In Previous Years Questions
HBase is an open-source, distributed, non-relational database designed for handling large-scale, real-time data.
It’s built on top of the Hadoop Distributed File System (HDFS) and inspired by Google’s Bigtable.
H Base key features:
- Distributed: Stores data across multiple nodes in a cluster, enabling horizontal scaling and fault tolerance.
- Non-relational: Uses a flexible schema with rows, columns, and timestamps, unlike relational databases with fixed tables and relationships.
- Column-oriented: Stores data in columns instead of rows, allowing efficient access to specific data points.
- Versioned: Each data point has a timestamp, allowing you to access historical versions.
Storage Mechanism
Imagine a library with books representing tables, shelves representing regions, and individual pages representing rows. Each page is further divided into sections (columns) containing specific information (data points). A unique book title identifies each table (row key).
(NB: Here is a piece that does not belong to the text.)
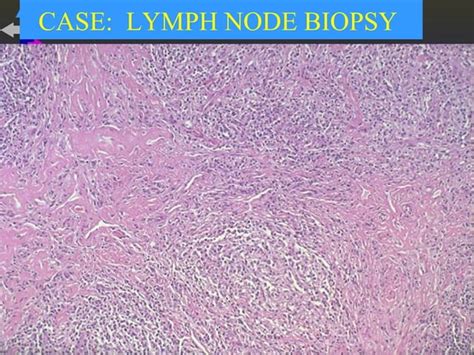 10lymphoma Final Year Ppt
- Horizontal Scaling: Adding more shelves (regions) increases the library’s capacity.
- Column-oriented Access: You can directly access a specific section (column) on a page (row) without flipping through the entire book (table).
- Versioning: Each page has revisions (timestamps), allowing you to see past versions of the information.
Example
Imagine storing website clickstream data in HBase. Each row would represent a user session, with columns for timestamps, visited pages, and actions taken. You could efficiently query for users who visited a specific page within a certain timeframe, regardless of their entire browsing history.